In July 2016, Georg Hoedle, Martin Lopez Abad, and I disembarked in Tasermiut Fjord with food and provisions for one month. Our first goal was to climb War and Poetry, a 5.12c variation to the Geneva Diedre (1,000m, 6b A4, Dalphin-Piola-Probost-Wiestlibach, 1983) on the west face of Ulamertorssuaq (1,830m). War and Poetry was freed in 1999 by Jeff Bechtel, Steve Bechtel, Mike Lilygren, Peter Mallamo, Bobby Model, Paul Piana, and Todd Skinner. After that, if possible, we hoped to open new routes in this valley of monolithic walls.
The day after we arrived there was a two-day weather window, during which we climbed War and Poetry in alpine style. We sent the entire route except for a 5.12b slab section high on the wall.
After three days of rest, we set our sights on a mountain in the back of the valley behind Nalumasortoq. However, the rock was poor and there was a lot of lichen. After three pitches, we decided to abandon this project.
We took another rest day, then attempted a new route on Nalumasortoq, almost in the center of the wall, in alpine style. The line began with a roof and was almost entirely comprised of hand and finger cracks. Just 150m from the summit, the haul bag with all our supplies came unclipped from the haul line—I had attached it using a non-locking carabiner—and it plummeted into the void. We decided to bail.

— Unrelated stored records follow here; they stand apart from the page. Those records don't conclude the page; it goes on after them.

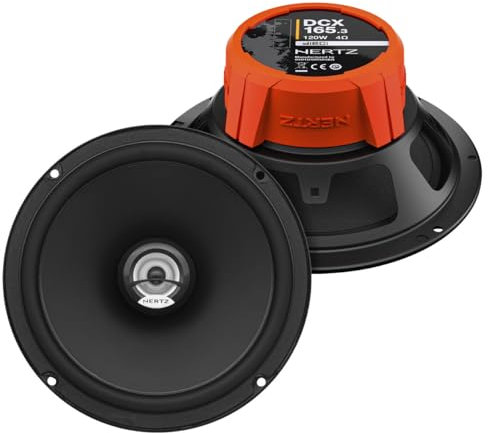 Hertz DCX 165.3 – 165-mm 2-Wege-Koaxiallautsprecher mit wasserabweisendem Papierkonus, 26-mm-PEI-Kalottenhochtöner, integriertem Crossover, 120 W Peak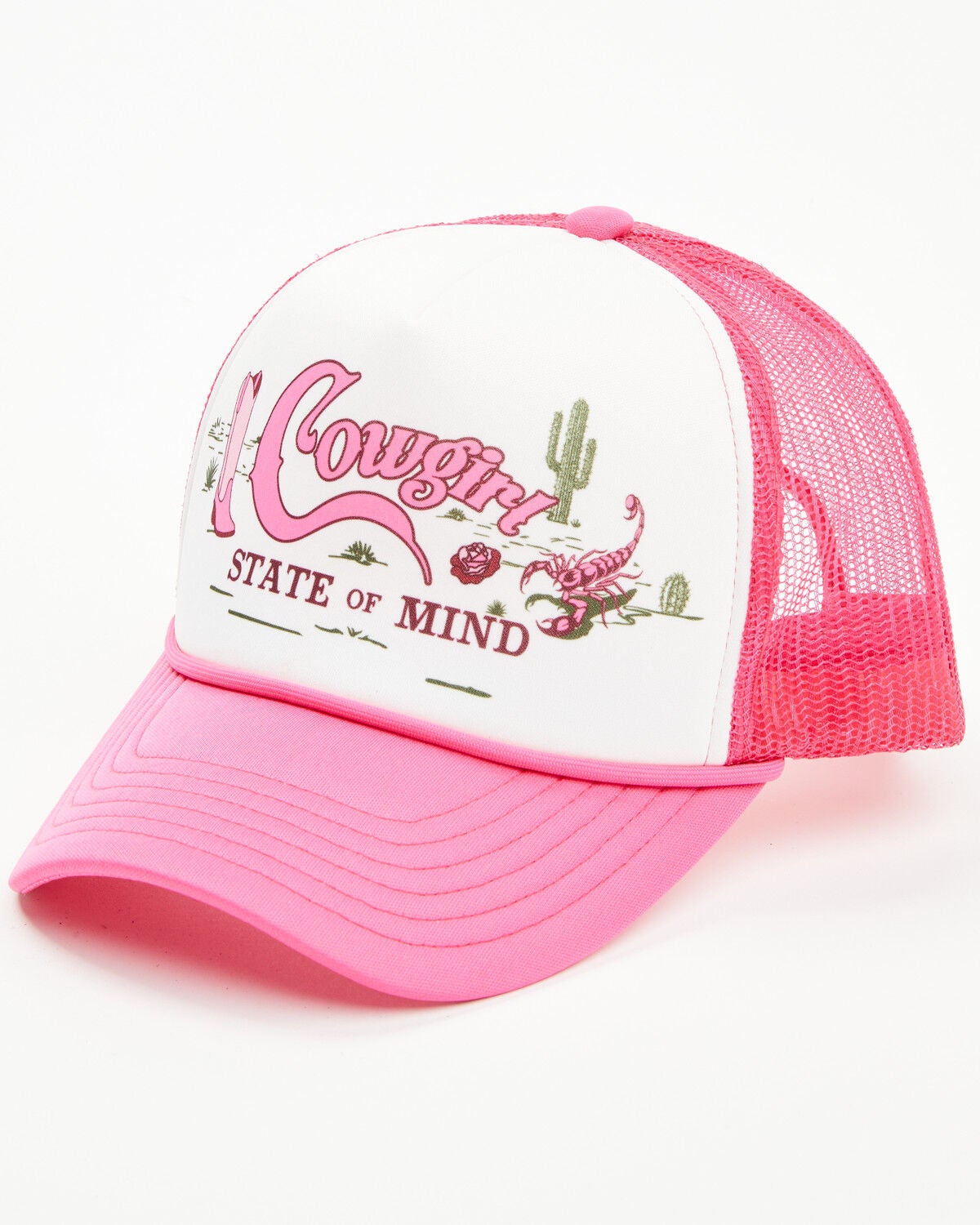 Shyanne Women's Cowgirl State Of Mind Ball Cap, Pink, hi-res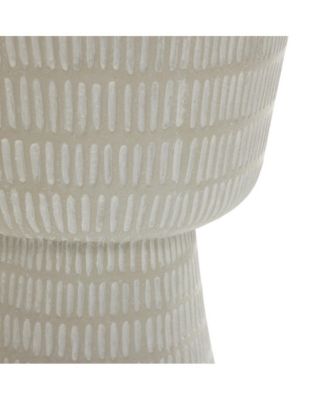 Outdoor and Indoor Round Spiral Pattern Side Table, Off White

After three days of bad weather, we returned to our high point and finished the route, continuing up cracks to the right of the large detached block from which we had bailed before. On July 26, we climbed the whole route in four hours; we believe this will likely be the easiest route on the wall. We named it Pedo de Placer (550m, French 7a) and descended via the Spanish route to the left.
After two rest days, we started up an obvious line on the southeastern pillar of the north peak of Ulamertorssuaq. [This pillar is just to the left of a separate pillar or fin climbed in 1998 by Ian Parsons and Tony Penning: the James Hopkins Trust Buttress (British E4 5c).]We took the most natural route up the center of the wall, finding exceptional rock quality throughout the climb, and a mix of good face and crack climbing. With bad weather coming, we rapped back to the ground after climbing about halfway. After waiting out a week of bad weather, we returned to our high point and then finished our route. All of the pitches were opened ground up. We placed 20 protection bolts as well as a fully bolted rappel line. We named the route Qujanaq (700m of climbing, French 7a), which means “thank you” in the local language. The route is similar to War and Poetry, but easier.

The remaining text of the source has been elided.